◆ **DATASET EXCERPT**:

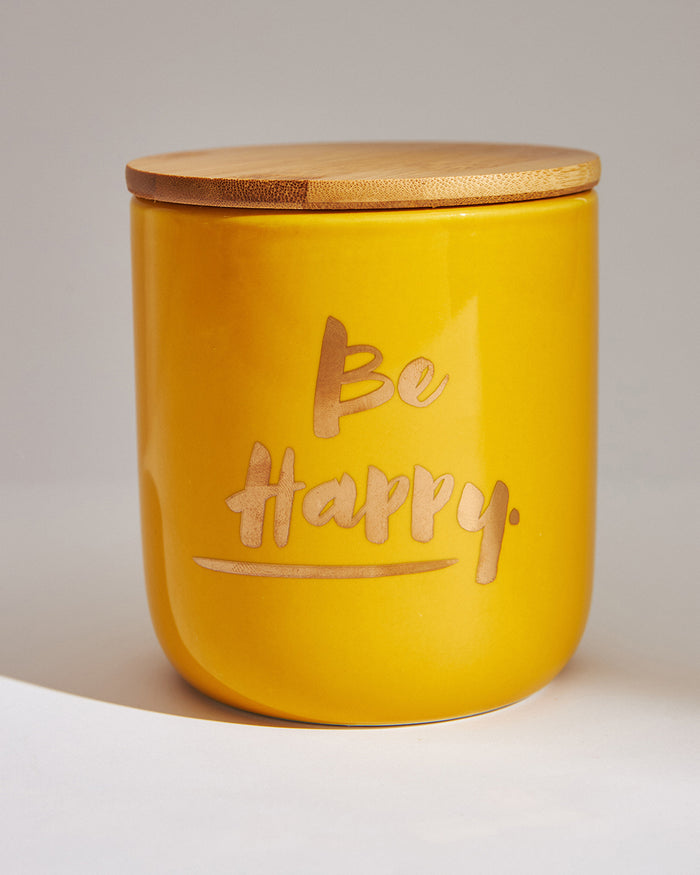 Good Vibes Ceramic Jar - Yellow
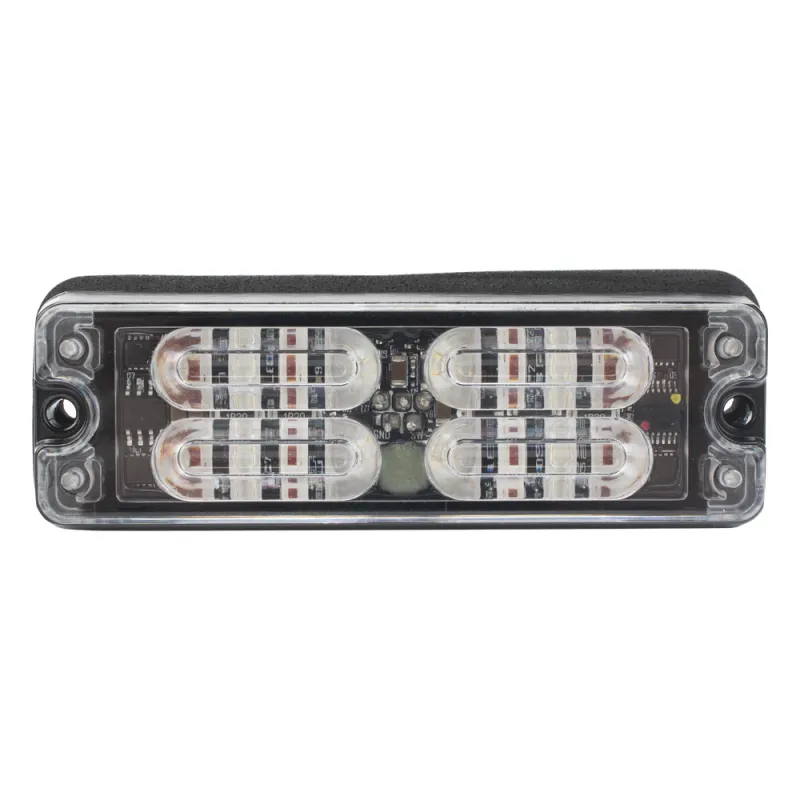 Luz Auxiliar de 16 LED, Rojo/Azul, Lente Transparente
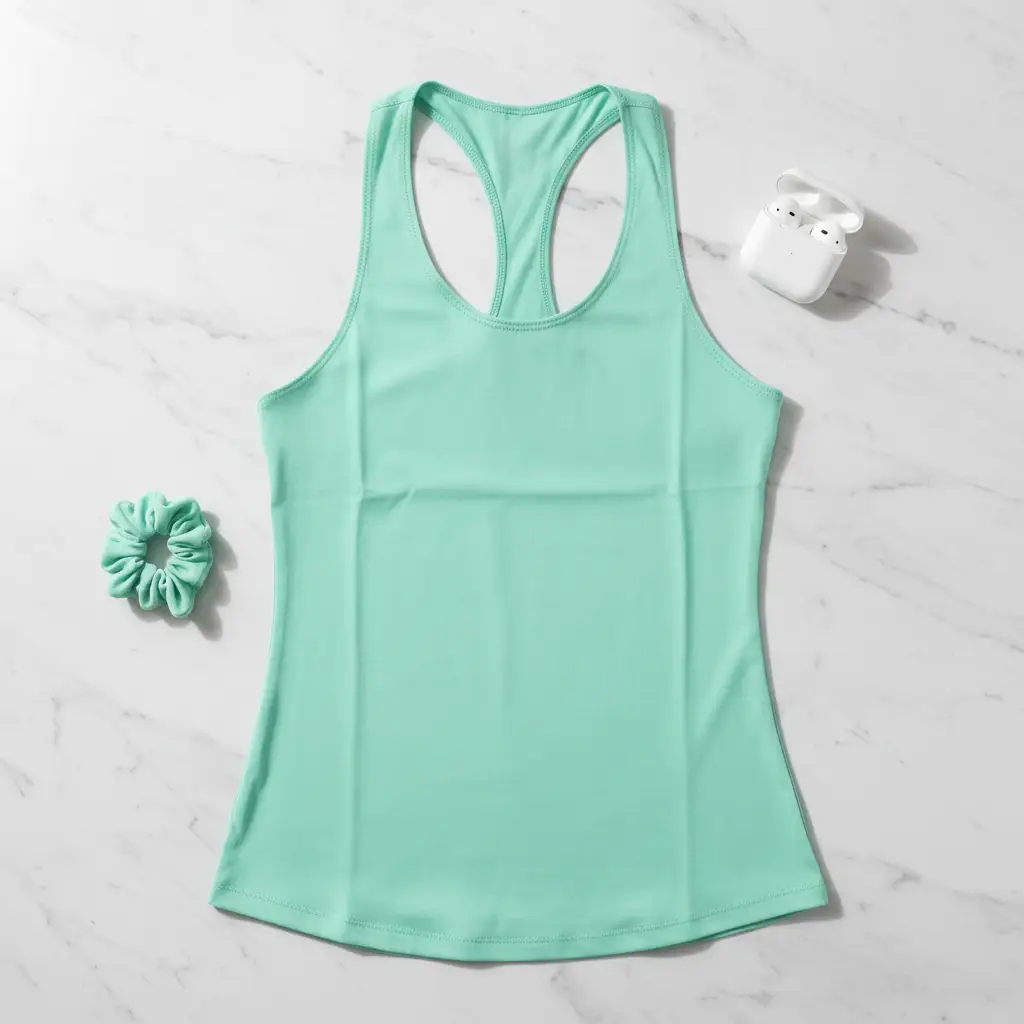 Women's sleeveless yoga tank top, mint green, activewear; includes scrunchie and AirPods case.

◆ **EXERCISE**: Only the pictures are to be dropped; the rest of the material above must be duplicated exactly.

◆ **RESULT**:
 Good Vibes Ceramic Jar - Yellow
 Luz Auxiliar de 16 LED, Rojo/Azul, Lente Transparente
 Women's sleeveless yoga tank top, mint green, activewear; includes scrunchie and AirPods case.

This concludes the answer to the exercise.